Severe acute respiratory syndrome Corona virus 2 is no longer considered a novel virus after bombarding the globe for more than 22 months since December 2019 when it was first noticed in Wuhan province in China. Meanwhile, its novel manifestations are still going on.

Along the current case report a dual pathology of venous and arterial thrombosis is diagnosed in a 68-year-old female patient that was just recovering from COVID-19.

Accounting for 0.5% of all strokes; dural vein thrombosis is considered a rare etiological cause of stroke [4]. Rough estimates states that it can affect 3 to 4 individuals per million. Venous thrombosis whether dural or deep that was clinically and radiologically diagnosed in this case cannot have another possible explanation except CIC taking into consideration the baseline laboratory results that were having an elevated inflammatory markers, elevated D-dimer, relative increase of PT/PTT ratio that are considered laboratory criteria for CIC [5,6,7] and normal laboratory results for collagen disorders or thrombophilia.

Severe acute respiratory syndrome Corona virus 2 enters the body through receptors on endothelial cells causing damage in the endothelial cell wall with no longer properly functioning endothelial cells either as a smooth lining for blood vessels or as a source of pro or anticoagulant factors that either stabilize clot or reduce excessive coagulation [1].

Virchow’s triad that was described in the nineteenth century which is composed of hyper coagulopathy, endothelial damage, and blood stasis is resurrected again with COVID-19 and its associated thrombosis [8].

As for arterial border zone infarcts that were detected within the presented case, although having history of vascular risk factors being hypertensive and diabetic yet the patient’s vitals and laboratory results were within accepted ranges all through the hospitalization period and she was complaint and controlled on her medications.

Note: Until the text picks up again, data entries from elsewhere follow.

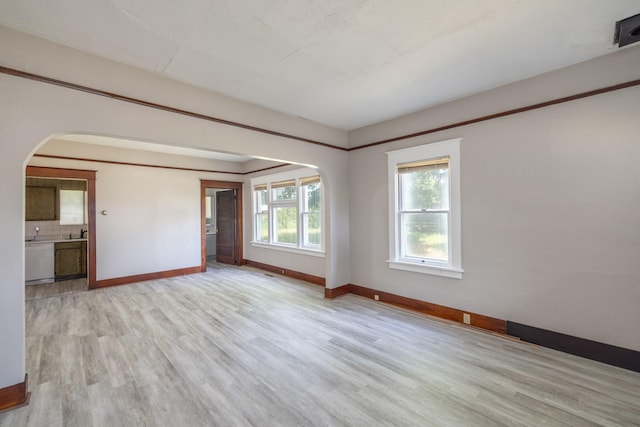 33 E Everett Ave, Spokane, WA 99207 - empty room with arched walkways and light wood finished floors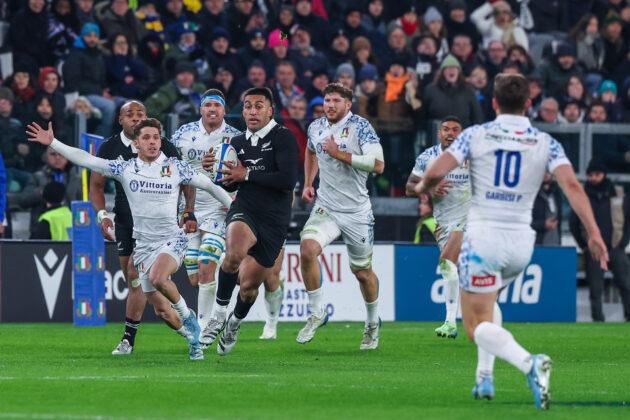 New Zealand's Rieko Ioane runs with the ball during the November 2023 international against Italy in Turin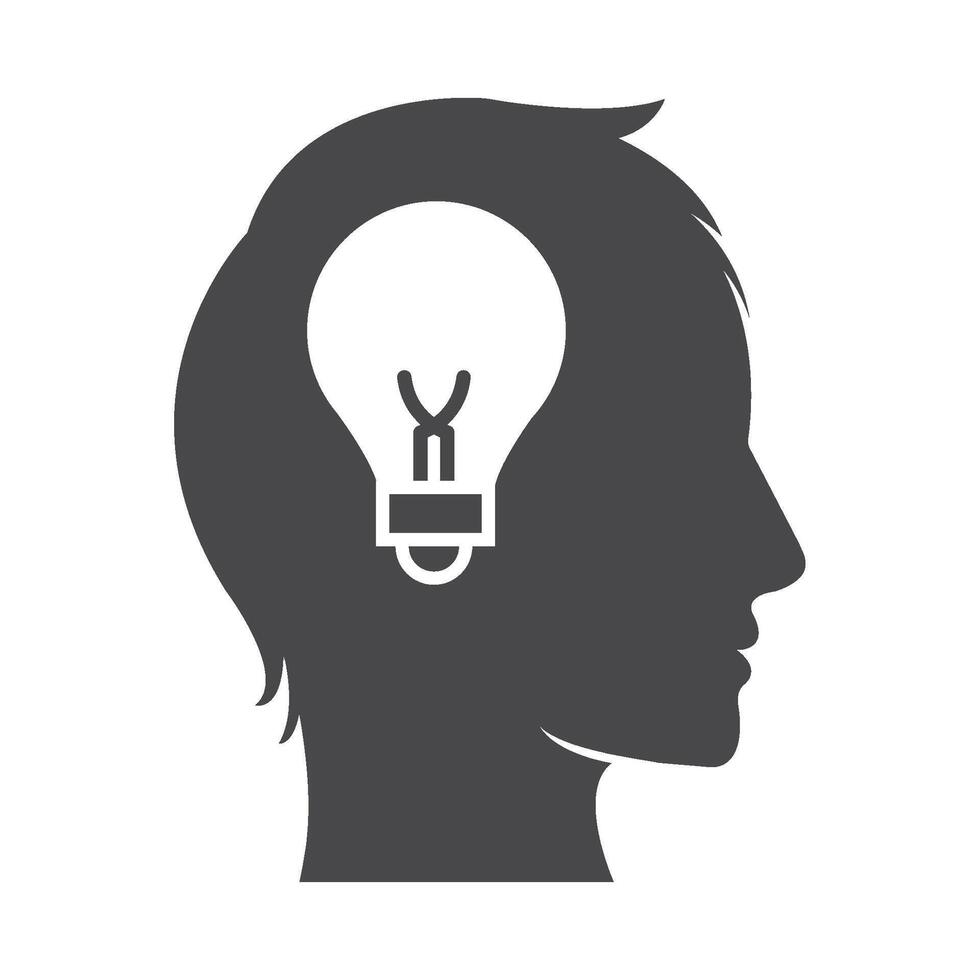 A silhouette of a man's head with an idea light bulb vector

Also vascular investigations that can reveal stenosis that may have a role in border zone infarcts development as MRA and Neurosonology did not reveal any significant abnormality other than diffuse atherosclerosis.

As for AF which is a possible explanation for bilateral cortical watershed infarcts that accounts for 5–10% of all strokes [9]. Atrial fibrillation is either paroxysmal or non-paroxysmal and according to varies studies risk of thromboembolism is less in paroxysmal than non-paroxysmal ones [10, 11]. The presented case had a history of paroxysmal controlled AF and was on anticoagulation which can at least partially exempt AF from being responsible for such arterial infarcts and again accuse COVID-19 for such infarcts.

Conclusion

Corona virus disease of the year 2019 is still presenting with novel manifestations along the forth wave. Two forms of strokes being dural and deep venous thrombosis as well as cortical border zone arterial infarcts are detected in a single case just in the convalescence phase of COVID-19.